### Task directions
Give back exactly the lines that run from the beginning of the entries to the line containing "TIMIEEYA Cat Wall", both included, and nothing else.

### Records for this task
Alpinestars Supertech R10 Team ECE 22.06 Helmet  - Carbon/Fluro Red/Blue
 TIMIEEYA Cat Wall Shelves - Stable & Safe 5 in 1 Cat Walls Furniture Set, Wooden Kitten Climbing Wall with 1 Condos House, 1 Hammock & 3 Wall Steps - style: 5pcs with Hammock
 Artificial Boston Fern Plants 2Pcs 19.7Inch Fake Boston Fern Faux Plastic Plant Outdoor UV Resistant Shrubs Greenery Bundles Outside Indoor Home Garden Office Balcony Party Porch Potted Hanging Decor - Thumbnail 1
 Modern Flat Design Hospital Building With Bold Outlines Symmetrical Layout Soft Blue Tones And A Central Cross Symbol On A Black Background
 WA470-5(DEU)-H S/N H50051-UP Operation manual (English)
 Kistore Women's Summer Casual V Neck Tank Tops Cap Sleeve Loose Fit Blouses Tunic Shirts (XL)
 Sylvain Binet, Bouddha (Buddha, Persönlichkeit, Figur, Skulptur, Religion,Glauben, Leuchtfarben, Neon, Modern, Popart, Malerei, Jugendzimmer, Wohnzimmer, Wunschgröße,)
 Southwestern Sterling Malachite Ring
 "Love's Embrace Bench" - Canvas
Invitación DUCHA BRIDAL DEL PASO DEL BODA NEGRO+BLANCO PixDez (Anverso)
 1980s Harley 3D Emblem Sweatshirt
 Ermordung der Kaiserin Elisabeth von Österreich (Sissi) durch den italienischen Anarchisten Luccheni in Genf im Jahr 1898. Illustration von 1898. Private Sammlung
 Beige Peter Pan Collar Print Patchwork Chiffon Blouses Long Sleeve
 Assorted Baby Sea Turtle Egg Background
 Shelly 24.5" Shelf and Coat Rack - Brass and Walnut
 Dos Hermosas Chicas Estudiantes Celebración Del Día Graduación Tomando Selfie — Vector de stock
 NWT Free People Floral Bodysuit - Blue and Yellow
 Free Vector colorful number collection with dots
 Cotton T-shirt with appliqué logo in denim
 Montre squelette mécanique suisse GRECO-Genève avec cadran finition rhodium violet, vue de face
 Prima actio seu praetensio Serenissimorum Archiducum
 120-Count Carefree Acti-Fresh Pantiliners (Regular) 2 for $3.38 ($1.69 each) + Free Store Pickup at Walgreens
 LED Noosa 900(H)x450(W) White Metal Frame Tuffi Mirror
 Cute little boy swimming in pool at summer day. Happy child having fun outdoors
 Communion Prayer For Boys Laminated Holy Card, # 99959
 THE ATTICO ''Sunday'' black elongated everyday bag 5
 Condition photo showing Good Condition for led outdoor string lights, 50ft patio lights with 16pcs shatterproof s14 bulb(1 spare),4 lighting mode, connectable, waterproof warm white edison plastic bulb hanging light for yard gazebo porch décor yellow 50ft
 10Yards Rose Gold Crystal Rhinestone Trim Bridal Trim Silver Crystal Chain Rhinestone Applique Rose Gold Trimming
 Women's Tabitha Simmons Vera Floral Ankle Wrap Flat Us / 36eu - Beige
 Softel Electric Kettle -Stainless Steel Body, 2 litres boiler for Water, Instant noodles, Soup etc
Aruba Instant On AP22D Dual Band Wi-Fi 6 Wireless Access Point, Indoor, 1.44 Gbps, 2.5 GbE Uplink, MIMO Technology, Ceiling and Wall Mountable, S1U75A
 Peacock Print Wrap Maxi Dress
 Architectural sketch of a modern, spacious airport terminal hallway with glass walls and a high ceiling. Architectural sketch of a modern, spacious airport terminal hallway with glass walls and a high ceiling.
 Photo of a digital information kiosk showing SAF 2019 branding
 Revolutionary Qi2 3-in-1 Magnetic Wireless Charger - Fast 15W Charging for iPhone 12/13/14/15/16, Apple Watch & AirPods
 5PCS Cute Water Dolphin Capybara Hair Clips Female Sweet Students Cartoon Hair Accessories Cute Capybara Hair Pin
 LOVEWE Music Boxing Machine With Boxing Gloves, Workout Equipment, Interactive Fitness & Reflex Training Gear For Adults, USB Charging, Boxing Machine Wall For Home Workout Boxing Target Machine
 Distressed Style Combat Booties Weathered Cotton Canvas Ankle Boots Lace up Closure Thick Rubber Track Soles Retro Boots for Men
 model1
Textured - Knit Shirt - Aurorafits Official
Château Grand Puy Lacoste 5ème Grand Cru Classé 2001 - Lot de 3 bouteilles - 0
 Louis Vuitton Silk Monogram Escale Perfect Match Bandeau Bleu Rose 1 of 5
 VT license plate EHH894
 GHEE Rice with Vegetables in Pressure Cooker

### Task response
Alpinestars Supertech R10 Team ECE 22.06 Helmet  - Carbon/Fluro Red/Blue
 TIMIEEYA Cat Wall Shelves - Stable & Safe 5 in 1 Cat Walls Furniture Set, Wooden Kitten Climbing Wall with 1 Condos House, 1 Hammock & 3 Wall Steps - style: 5pcs with Hammock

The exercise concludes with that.